Introduction by Juris Lidaka

Bartholomew says: "The pepper is the seed or fruit of a tree or shrub which grows in the southern part of the Caucasus mountains, facing the burning heat of the sun, as Isidore says in book 17 [Etymologies 17.8]. Its leaves are similar to the juniper. Serpents guard the forests it grows in, but the inhabitants of the region where the forests grow naturally set fire to them, and the serpents flee the fire's violence, and from this burning the seeds of the pepper, which started out white, are accidentally turned black and wrinkled.
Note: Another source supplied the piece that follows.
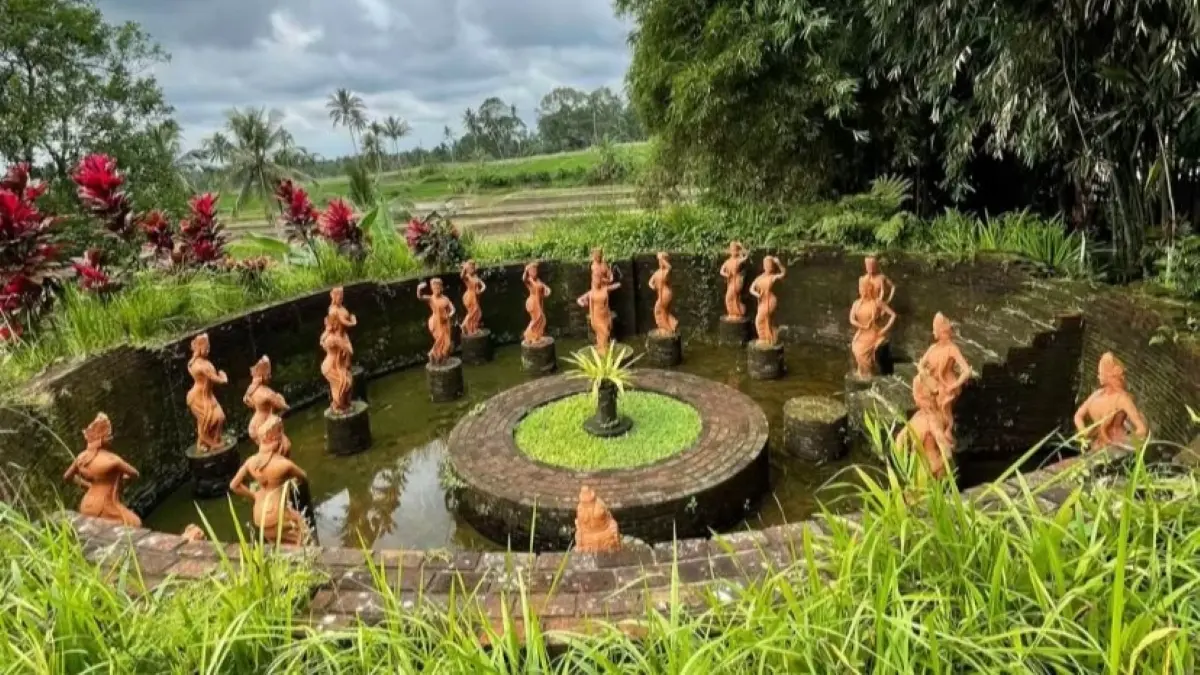 Taman Gandrung Terakota di Banyuwangi. (Widya untuk Radar Banyuwangi)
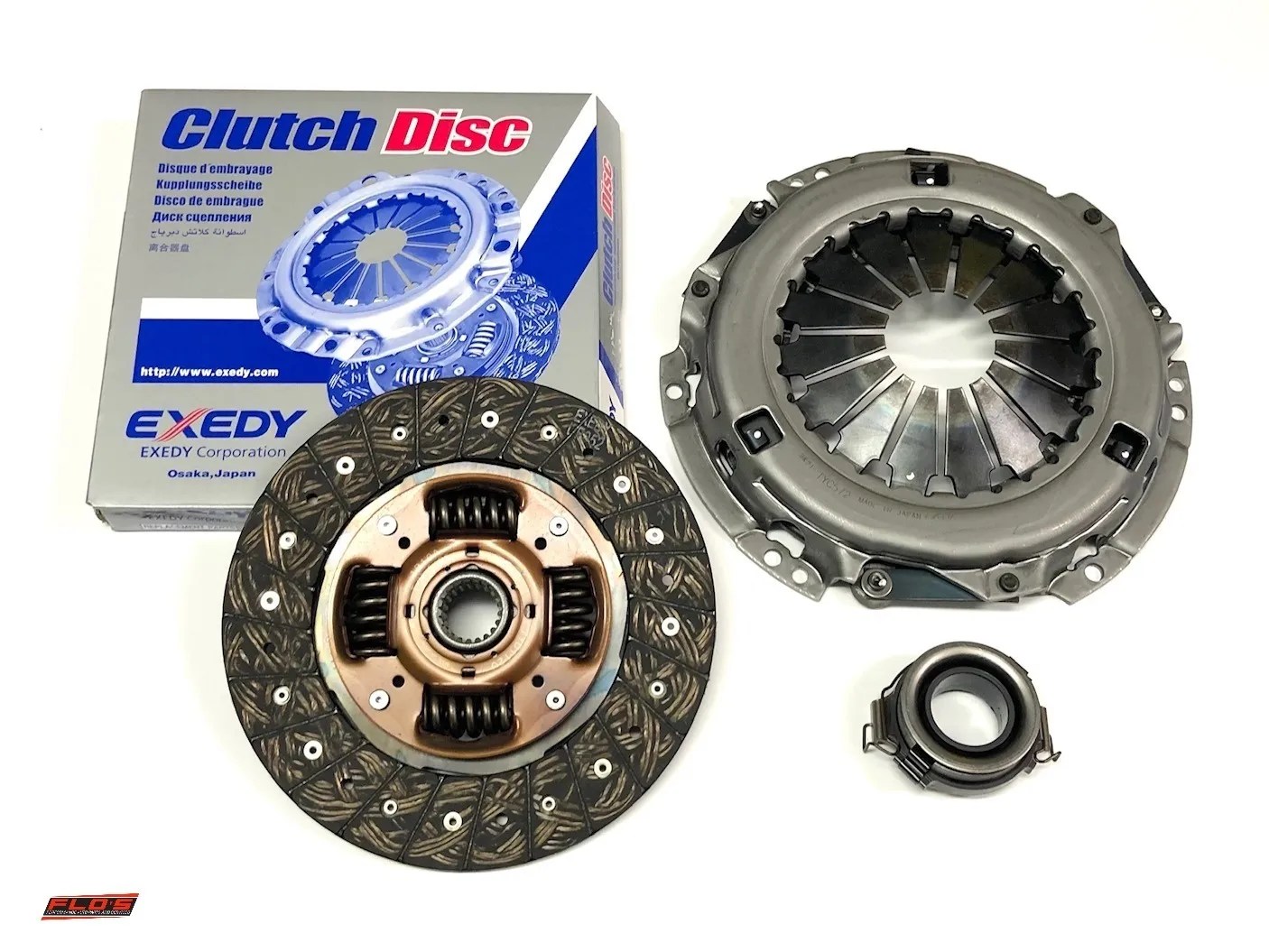 Clutch Kit 4AGZE 230mm Flos Performance Auto Parts & Services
"There are three forms, as the same man says; there is the long pepper, namely when it is immature, and white pepper, namely when it is unchanged by the fire, and black pepper, namely when it is black and red on its surface from the scorching heat of the fire. Black pepper keeps its strength for a longer time than the others, and can be stored securely."

Original Latin

Pepper as Medicine

Many cultures determined that pepper can be used not just as a spice but also as a medicine. As Bartholomew notes, it is calidum et siccum in quarto gradu ("hot and dry to the fourth degree"). Galenic medicine worked out the system of degrees: just as there were four elements (fire, air, earth, and water), four qualities (hot, cold, dry, and moist), and four seasons, there were four humors. Things people ate shared in the elements and qualities.

There were therefore also four degrees, with the first being the weakest and the fourth having the strongest effect - for good or bad. Physicians needed to know the properties of patients’ ailments and the properties of foods or medicines to treat patients correctly. Even before that, patients needed to keep their four humors in proper balance, partly by eating the right foods for their personal humoral status.

Scholastic physicians and philosophers knew, of course, that pepper was not actually physically hot. Instead they thought that it was virtually hot. In other words, it had the power to moderate the effects of cold.

Since medievals also believed that many illnesses resulted from an excess of cold humors, it is easy to see why they might think that prescribing pepper was a good way to restore the proper humoral balance.

All kinds of peppers

The ground pepper we use with our meals is common black pepper. Cooks often use it whole - as round peppercorns. Note that Bartholomew talks about peppercorn, but also says there are long peppers too. For a long time long peppers were common in European kitchens, but after the Middle Ages Europeans stopped eating them.

Both types of pepper came mostly from India and are related to each other. Pepper is actually the fruit of the pepper vine, and our common black form is just the dried fruit. Depending on when it is picked and how it is prepared, it could also be white, green or red.

There is another kind of pepper, the chili pepper. This is related to deadly nightshade and is much spicier and hotter than black pepper. Varieties grow in the Americas as well as India throughout Asia.

When the New World was introduced to Europe, many of its foods came along. Since varieties of the chili pepper will grow in parts of Europe, its popularity continued and slowly grew.